Task brief: Print exactly what appears from the line containing "Villa Pul Risan Exterior photo" through the final line of the data below, pictures excluded.

Information provided:
------------------------------------------------

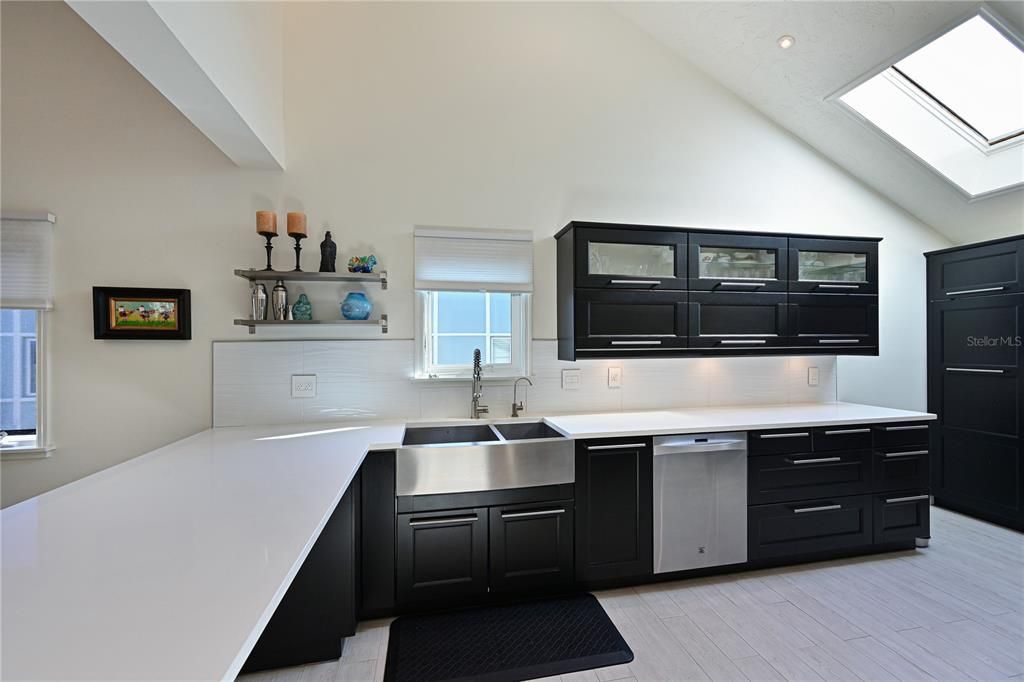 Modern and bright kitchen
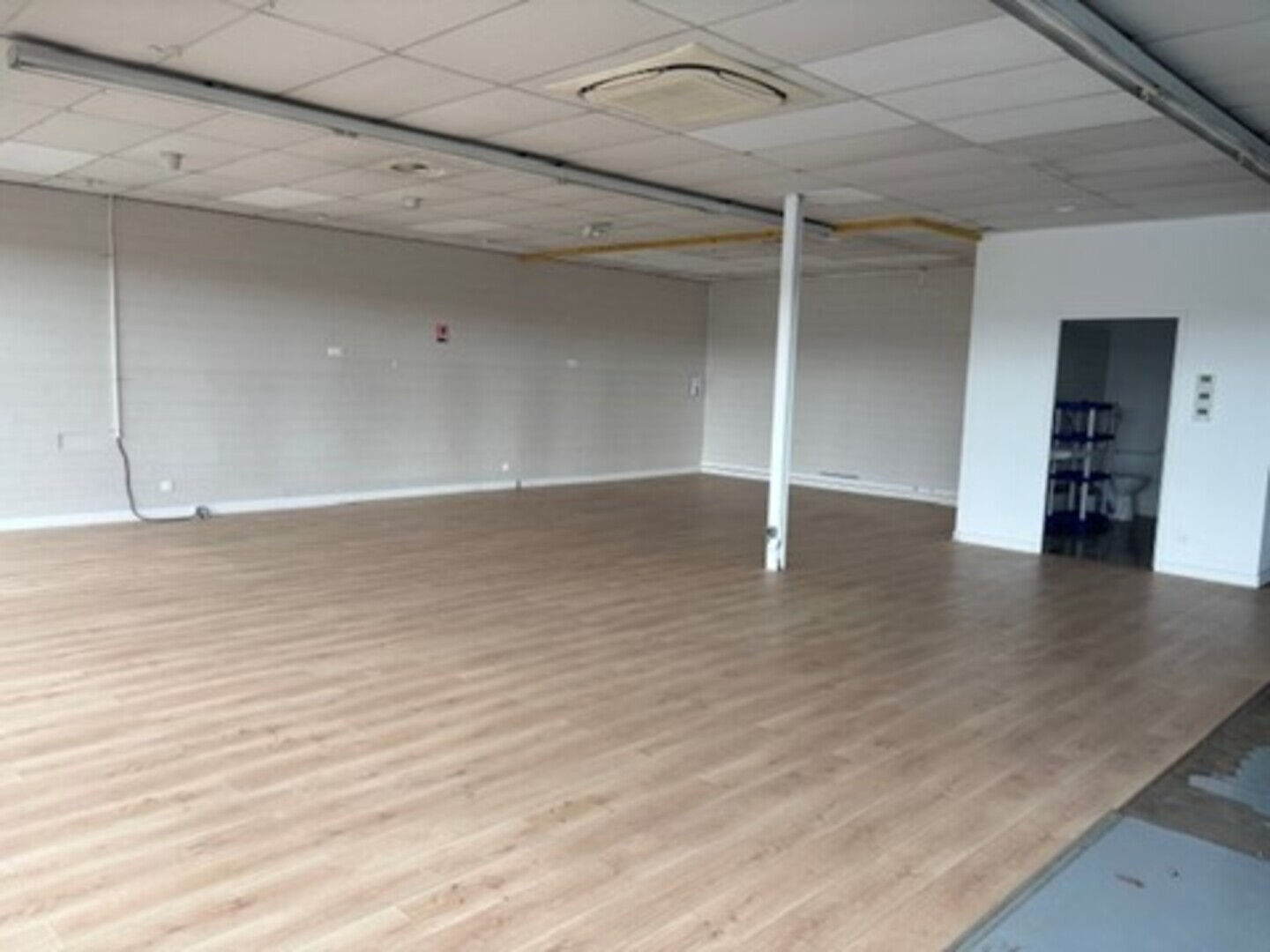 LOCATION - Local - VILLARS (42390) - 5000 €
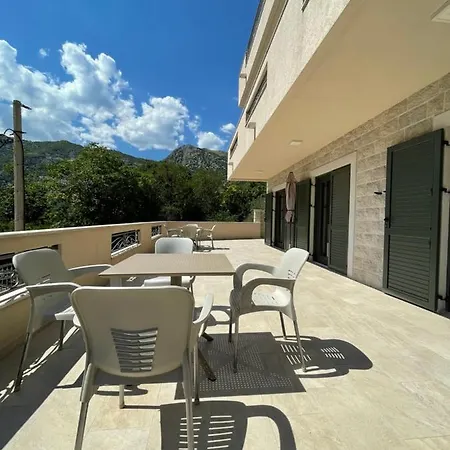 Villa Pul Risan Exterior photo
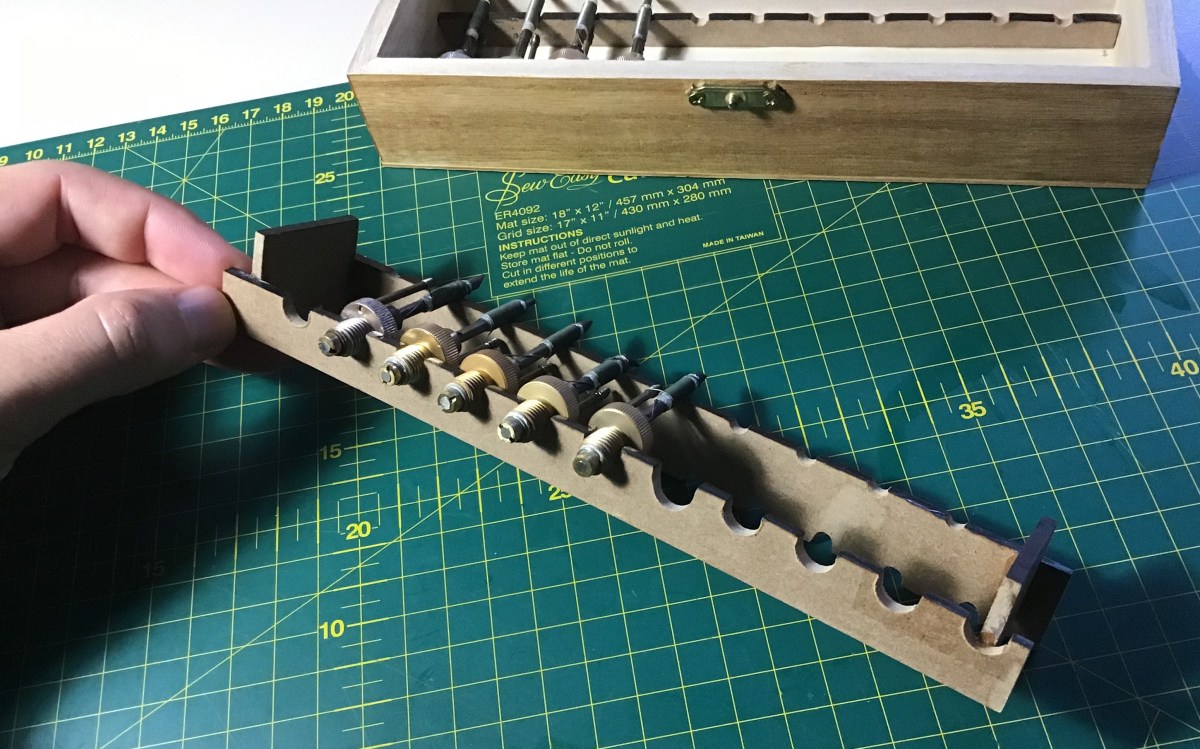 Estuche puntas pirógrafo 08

------------------------------------------------

Output below:
 Villa Pul Risan Exterior photo
 Estuche puntas pirógrafo 08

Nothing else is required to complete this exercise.